А потом начались телефонные звонки: друзья через дежурных сестер справлялись о его самочувствии. Леониду ежедневно передавали приветы от Анри и Луи (своих фамилий Бурже и Фонтэн не говорили). Были еще два звонка, особенно взволновавшие его. Сказали, что женщина, назвавшая себя мадам Вера, интересовалась исходом операции и просила передать мсье Шардону пожелание скорейшего восстановления сил и бодрости. Затем вчера вечером позвонил неизвестный мужчина, сообщил, что господин Трюбо знает о несчастье, случившемся с его родственником, и желает ему полного выздоровления. Трюбо — псевдоним Анфилова, но кто же звонил по поручению Центра? Больничные сестры передавали приветы, приносили ему в палату от друзей фрукты и соки, однако посещения лечащий врач запретил, хотя Рокотов чувствовал себя неплохо и даже пытался садиться в постели.
И потому он очень обрадовался появлению в дверях палаты Бурже.
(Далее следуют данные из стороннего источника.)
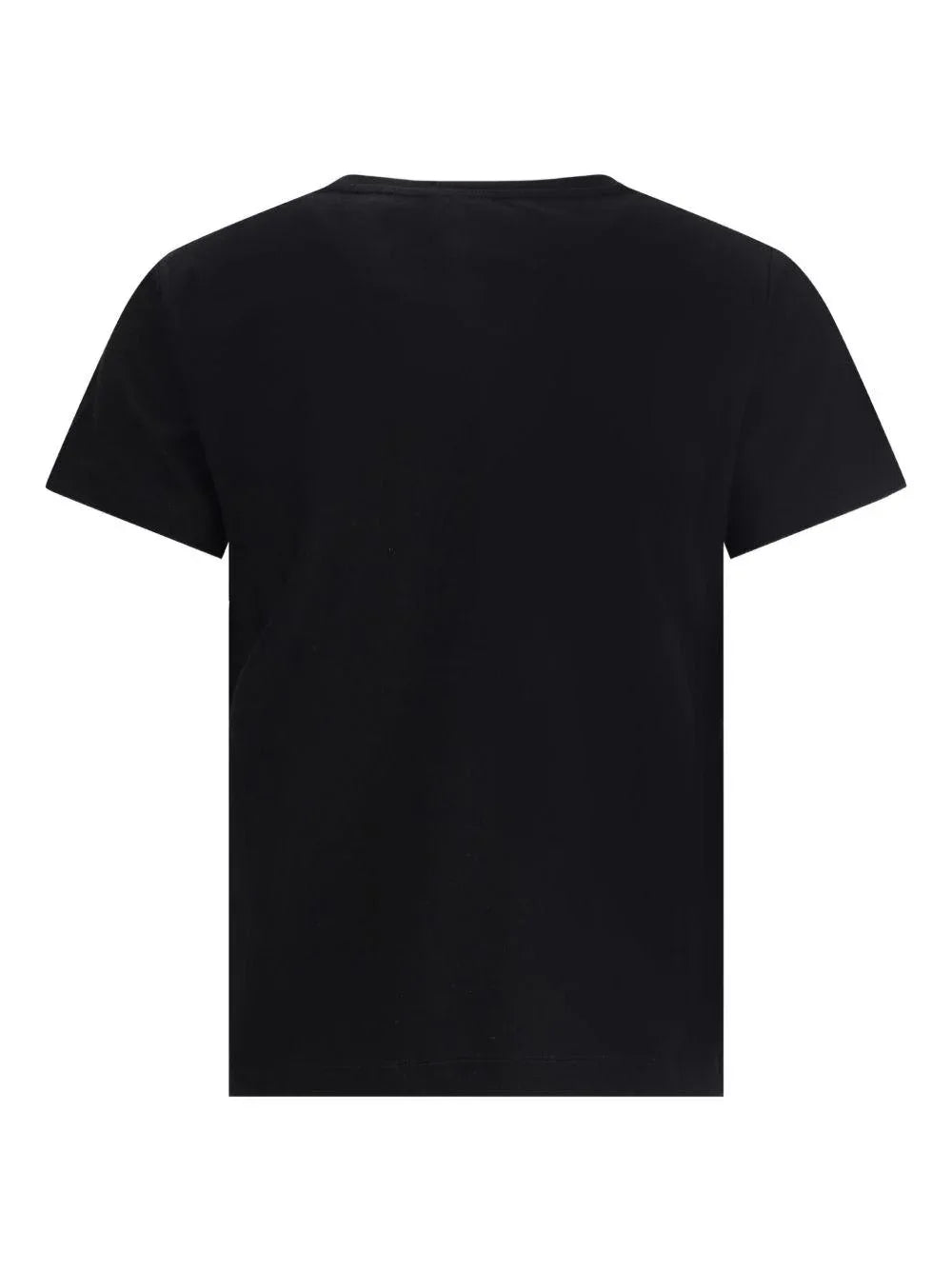 T-shirt nera in cotone con decorazione in cristalli - Preludio Moda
Наконец-то! Ведь Леониду так нужно поговорить с ним, расспросить о многом. Анри, сияя во все лицо, быстренько подкатился к кровати и, с опаской оглянувшись назад, приложил толстый палец к мясистым губам.
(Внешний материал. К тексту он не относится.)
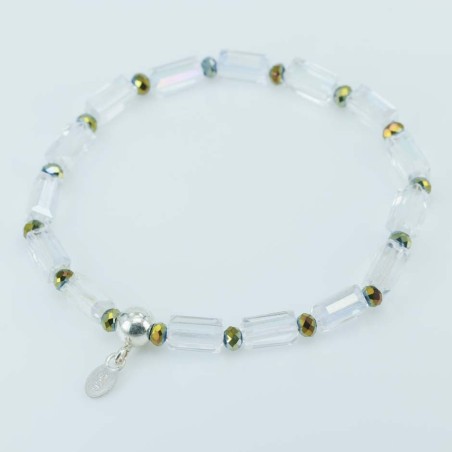 Bracelet ball 3-4mm. faceted Crystal Green Color
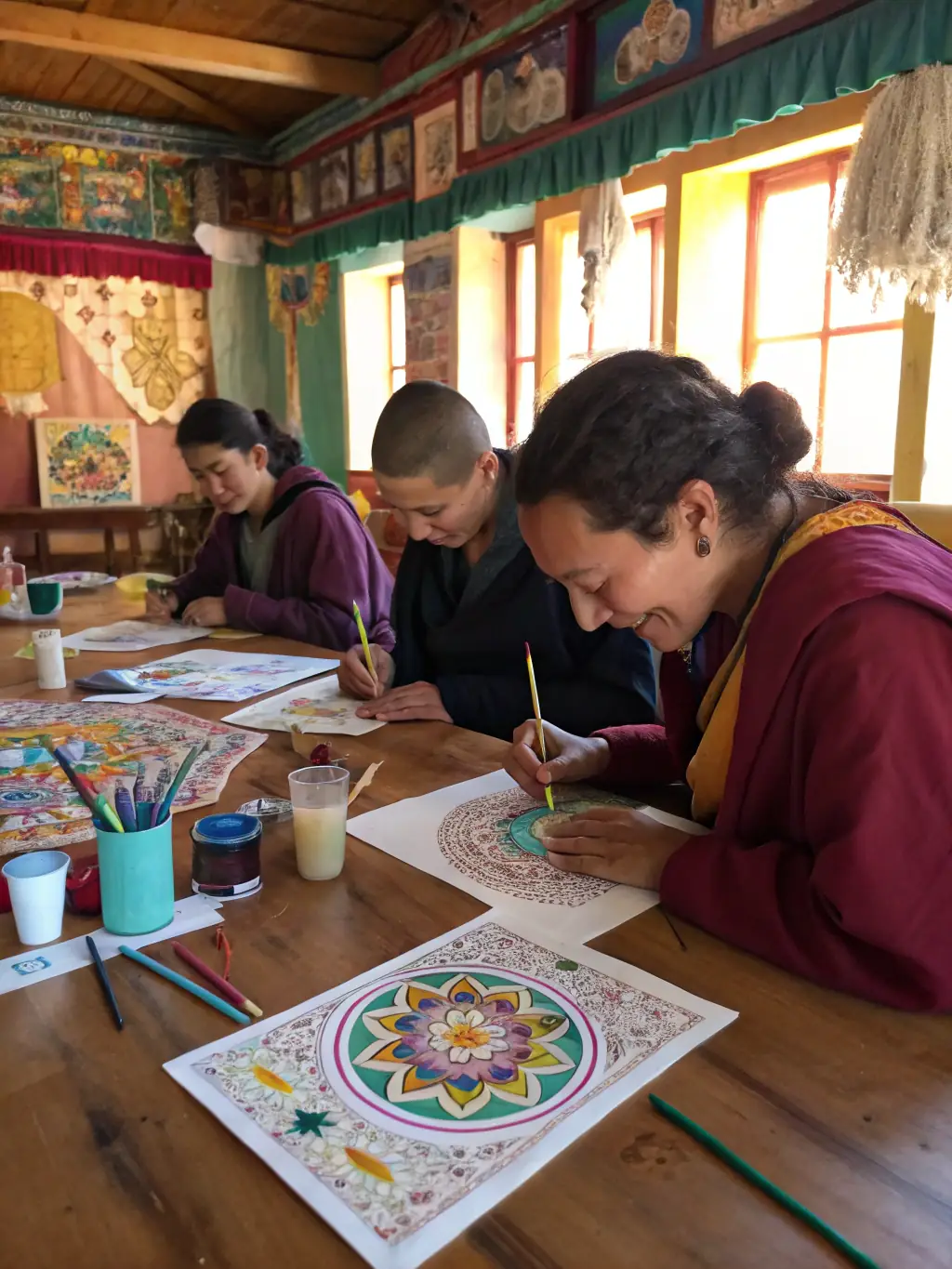 A workshop in progress, showing participants learning about bookbinding techniques, creating their own journals and notebooks at LIVRE ECHANGE.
— Тс-с, я проник тайно, без позволения, — вполголоса пробормотал он. — Так хотелось повидать тебя, дорогой Жан! — Пухлые руки мягко сжали кисти раненого. — Там мой парень присмотрит, чтоб доктор нас не засек. Мы недолго, я буду рассказывать, а ты молчи, тебе нельзя переутомляться. Ну, как? Молодчага! Раз улыбаешься, значит, здоров! Рад, рад, дорогой мой! Я ведь однажды уже приходил к тебе, но ты спал. В сущности, я могу пройти к тебе, когда захочу. Тут день и ночь дежурят мои ребята, вроде охраны. Им приказано никого сюда не впускать, кроме врачей и сестер, конечно. Когда ты был без сознания, мои ребята запирали тебя на ключ — сестры входили в палату только вместе с ними: мало ли что ты мог наговорить в бреду! Охраняют они тебя, как короля: дважды вытурили этих пройдох-репортеров, полицейских чинов тоже не допускают. Чем меньше огласки, тем лучше. Я принял все меры, ты не беспокойся, дорогой. Ну, как тебе здесь — врачи, персонал? Уход хороший? Я так и знал. Кстати, главный врач — мой давнишний приятель, тоже француз, я знал его еще в Париже, после поражения он с семьей эмигрировал сюда, как и я. По моей просьбе он распорядился положить тебя в отдельную палату, пригласил для операции лучшего хирурга тот у них светило!
Этот монолог Анри выпалил скороговоркой ради экономии времени, не дав Леониду вставить словечка: он только кивал, улыбаясь. Придвинув к кровати стул и склонившись к изголовью, насколько позволяла его комплекция, Бурже рассказывал, прихлопывая ладонью по руке товарища, тихонько посмеивался, его цыганские глаза и крепкие белые зубы блестели.
— Прошу прощения, Жан, что-то я не о том… — Толстое лицо Бурже омрачилось, глаза погасли. — Я знаю, о чем ты хочешь узнать в первую очередь… Прости, дорогой, это я от радости…
— Ничего, Анри. Только расскажи подробней, как и что, как они пережили это страшное известие… — Рокотов смежил веки, узкое худое лицо осунулось еще больше.